28 de dezembro de 2009

Ainda sobre o Natal...

«Sem querer, o Natal encerra em si o paradigma da humanidade: ao pretender respeitar a individualidade, reconhece-se com mais frequência no que é comum a muita gente e aceita apagar-se em nome de uma ideia partilhada por muitos.

(...)

Substituímos as cartas pelos emails, e os emails pelos sms, e agora os sms por bonecos e presentes do Facebook - e nesta sucessão de facilitações aferimos como os tempos e os seus ícones vão tomando conta do evento.
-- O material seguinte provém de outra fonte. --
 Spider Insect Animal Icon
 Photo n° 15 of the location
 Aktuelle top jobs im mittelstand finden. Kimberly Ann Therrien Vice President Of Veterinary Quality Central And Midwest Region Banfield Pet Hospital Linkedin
Mais do que perder a religiosidade, a quadra tornou-se uma espécie de Cimeira de Copenhaga: tenta-se o mínimo denominador comum - pode ser o bacalhau ou a Missa do Galo, um estandarte ou um Pai Natal a trepar estupidamente por uma varanda... -, para conseguir ultrapassar todas as diferenças, todos os hiatos, todas as faltas. Negoceia-se para chegar ao acordo que é a noite de dia 24, quando a paz é convocada por todos. Por minutos que seja.
Dois dias depois, ou seja, dia 26, a tenda começa a ser desmontada. O divino, o transcendental, os rituais mais ou menos adquiridos para expressar fé e crença, vão dando lugar ao back to reality. Daqui a pouco é ano novo, passas e champanhe. Ary dos Santos tinha razão quando falava do "sabor amargo em cada doce que eu comprei".
Nós religiosos? Com certeza que sim. Mas aí sim, "quando um homem quiser", ou seja, muito de vez em quando.»

Excerto do editorial de Pedro Rolo Duarte, no suplemento Nós Religiosos, do jornal i.

1 comentário:

Maria disse...

Completamente de acordo com o artigo de PRD. Bom saber que a poesia de Ary atravessa horizontalmente a sociedade portuguesa.